Editam-se discos, vai havendo espectáculos. A crítica – de música, como de desporto, como de política –, que é sempre culpada de tudo o que é mau, vai mesmo assim escrevendo sobre os discos e sobre os espectáculos. Infelizmente, uns e outros nem sempre são de se lhes tirar o chapéu.
Há quem defenda que “independente é bom”, só porque feito e editado à margem ou porque o simples estatuto de “independente” (por vezes apenas de intenção, porque, quanto a resultados artísticos, são com frequência tão maus ou piores que os dos privilegiados das “majors”…) obriga a que se diga bem a todo o custo. Entre os argumentos esgrimidos aponta-se o dos discos que não vendem, pondo em risco a existência das pequenas editoras, que vêem o futuro fugir-lhes debaixo dos pés. Um muro de lamentações.
Vamos por partes. Divulgar, sim. Apoiar, sem dúvida. Esconder, quando é caso disso, que o rei vai nu é que nunca. Os músicos, independentes ou não, não são intocáveis, desde o momento em que dão a conhecer em público o seu trabalho. E neste ponto, o crítico deverá criticar, como lhe compete, chamando as coisas pelos seus nomes e pondo os dedos nas feridas, até para evitar que mais tarde as transformem em chagas.
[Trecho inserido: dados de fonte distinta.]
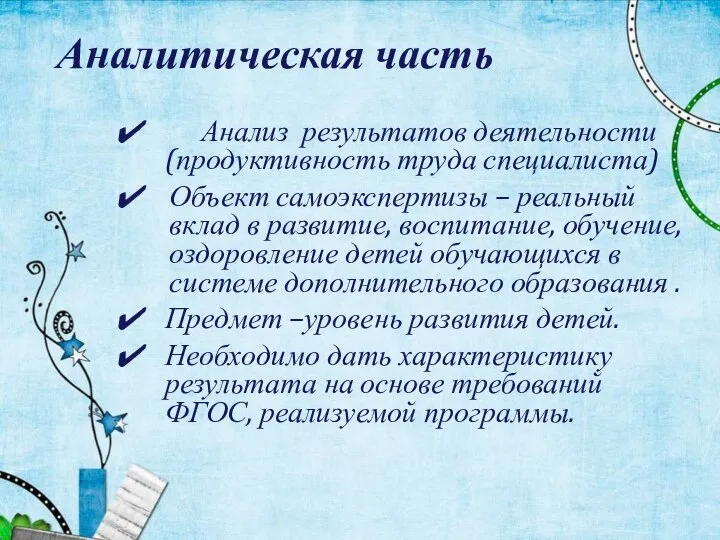 Аналитическая часть Анализ результатов деятельности (продуктивность труда специалиста) Объект самоэкспертизы – реальный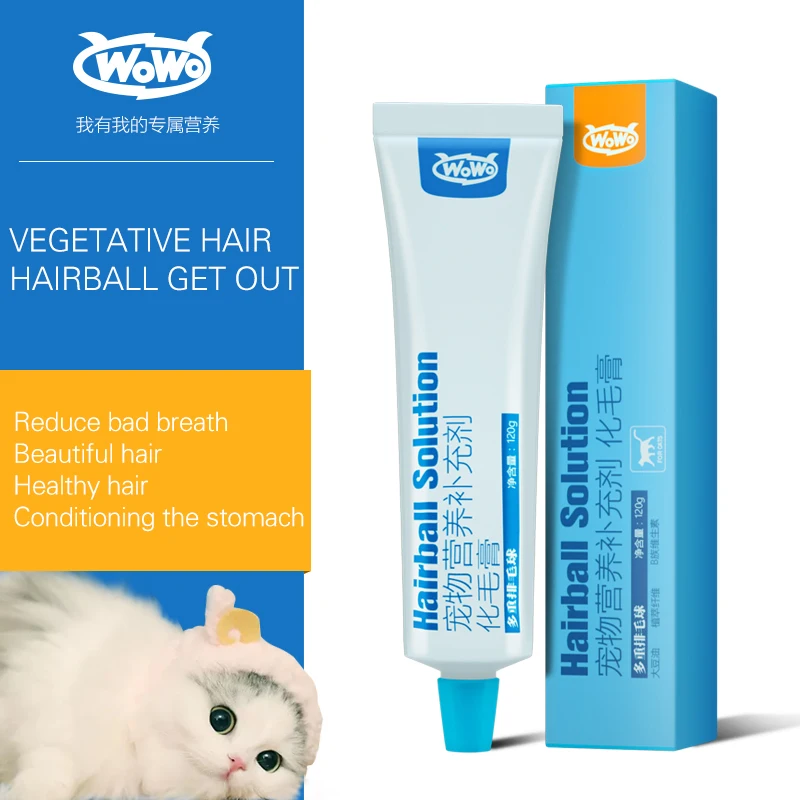 Питательный крем WOWO для кошек и волос с косами средство поддержания желудочно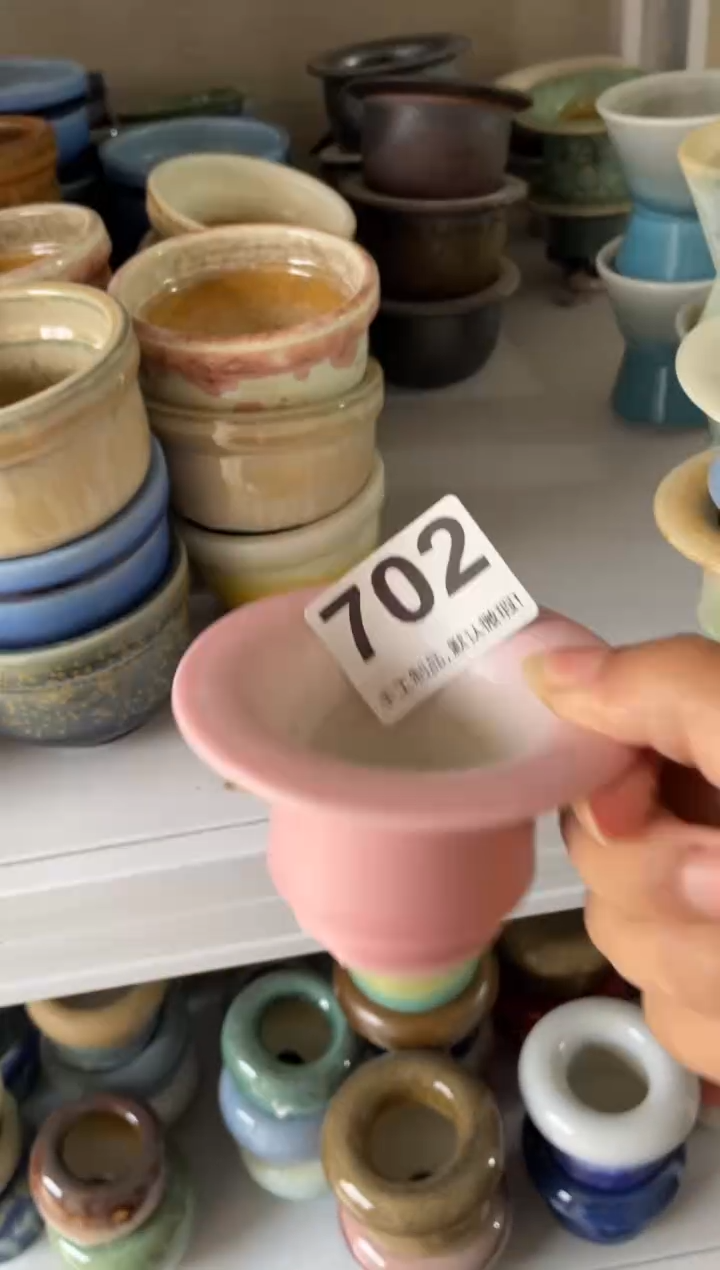 瓷片V**i702小芳直播编号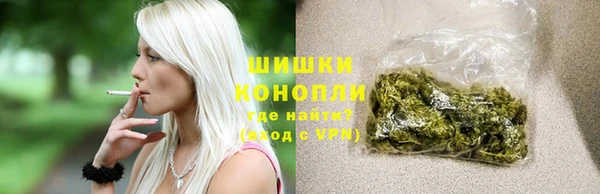 наркотики Алзамай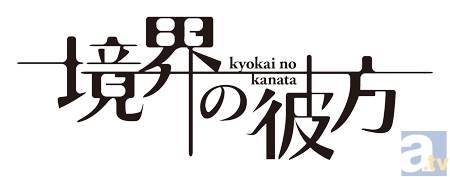 京アニ最新作は、青春アクションファンタジー！　テレビアニメ『境界の彼方』10月より放送開始！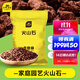 史丹利火山石顆粒紅火山巖底砂天然多肉蘭花專(zhuān)用養花紅色鋪面石5斤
Em Portugal existem bons músicos independentes como existem maus músicos independentes. Bons discos de música independente ao lado de maus discos de música independente. Alguns músicos independentes, ao primeiro aceno, iriam a correr abrigar-se debaixo das saias das multinacionais, desejosos de perder a sua independência. Outros, decerto que não. São os que colocam a integridade e a liberdade de criação acima de quaisquer pressões e compensações materiais. Serão a maior parte, mas mesmo estes não podem exigir a intocabilidade, com a pretensão de que tudo o que lhes sai das cabeças pertence ao domínio dos deuses, ficando reservado ao crítico o papel de bonzo venerador do seu génio.
É preciso ter humildade, encolher o ego e, nalguns casos, escolher com cuidado os chapeleiros. É que do génio ao ridículo, às vezes, vai a distância de um passo. E fica sempre mal uma pequena cabeça pequena enfiada num chapéu demasiado largo. Cada cabeça sua sentença, é verdade. Como também é verdade que uma cabeça que pensa sabe observar as cabeças alheias. E descobrir-lhes as carecas.
Uma cabeça que pensa não gosta sobretudo que lhe enfiem o barrete, que, como toda a gente sabe, é um tipo característico de chapéu nacional.